Whereas Rees et al. (1997) and Pinsk et al. (2004) mainly observed distractor effects in extrastriate visual areas, Schwartz and co-authors (2005) identified distractor effects in early visual area V1. The authors presented a central visual search task under high- and low-load conditions, while participants were asked to ignore irrelevant checkerboards, which were presented in the lower visual field, either on the left side, right side, or bilaterally. In the control condition no checkerboard was presented. The BOLD signal in response to the checkerboard was reduced under the high-load condition compared to the low-load condition in V1, V2, V3, and V4. In order to investigate whether load effects lead to a “perceptual narrowing” of the visual information processing, such that visual information is mainly effectively processed in the centre by suppressing information at outer peripheral locations (tunnel vision), different retinotopic eccentricities, such as inner (2.8°) and outer (8.4°) peripheral eccentricities were defined. Contrary to the hypothesis that high attentional load at fixation produces “tunnel vision”, Schwartz and co-authors demonstrated that reduced activation in V1 in the high-load condition was mainly observed for inner peripheral eccentricities compared to outer peripheral eccentricities. These results have been interpreted as a “suppressive surround” mechanism, by which perceptual load at central fixation would impact areas close to the target compared to areas further in the periphery. This is in line with the push-pull mechanism demonstrated in neuro-physiological studies of attention, by which attentional effects are greatest when target and distractors fall within the same receptive field.

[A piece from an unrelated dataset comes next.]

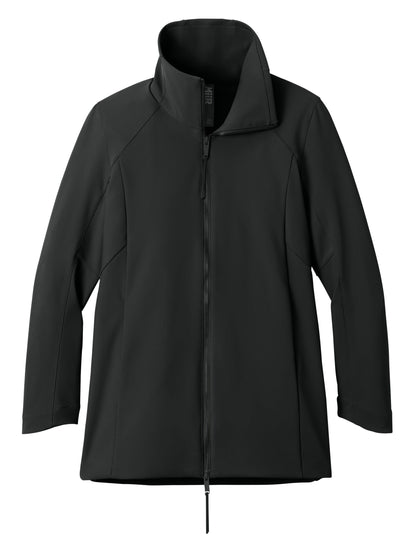 MiiR Outerwear XS / Pitch Black MiiR - Women's Nozawa Full-Zip Soft Shell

Different theoretical accounts have been considered to explain distractor suppression in the early visual cortex. The biased competition account (Desimone & Duncan, 1995) explains the increased processing of attended information and the suppression activity of unattended information by orienting attention to a specific location or a specific feature. The perceptual load theory (Lavie, 1995) further modulates this view by proposing that selection occurs early when perceptual difficulty (or load) is high, whereas under low perceptual difficulty (or load), distractors reach higher processing stages. Different methods have been applied to evaluate this theoretical account by using brain imaging and electroencephalogram such as ERPs and SSVEPs (Handy & Mangun, 2000; Parks et al., 2013). When investigating the impact of perceptual load in early visual areas, participants usually performed, at fixation, a main attention-demanding task that varies in perceptual load, while ignoring task-irrelevant information such as high-contrast checkerboards (O'Connor et al., 2002; Schwartz et al., 2005) or motion patterns (Bavelier et al., 2012; Rees et al., 1997) typically presented more peripherally. However, many previous studies focused on either how load affects attentional enhancement or distractor suppression. Here, we investigate how both target enhancement and distractor suppression are concurrently modulated by load by keeping the main task – target and distractors – constant, and rather manipulating attention via cueing and load through the presence or absence of lateral masks.

Present study

In order to further qualify the neural mechanisms of target enhancement and distractor suppression, we presented an adapted Posner cueing paradigm, in which a Gabor patch target was always presented together with a noise patch distractor at two known locations in the left and right visual fields. In each trial, an auditory cue instructed participants to attend to either the left or the right side of the screen (Fig. 1A). The cue was followed by the presentation of the Gabor patch target and the noise patch distractor in 80% of the trials. In these target-present trials, participants were asked to indicate the orientation of the Gabor patch as fast and as correctly as possible and to ignore the noise patch. The auditory cue was predictive (valid) in 60% of the trials and invalid in 20% of the trials. The remaining 20% of the trials consisted of catch trials in which two noise patch distractors were presented and for which participants were asked to withhold their response. This condition will not be discussed further but is described in greater details in Föcker et al. (2018).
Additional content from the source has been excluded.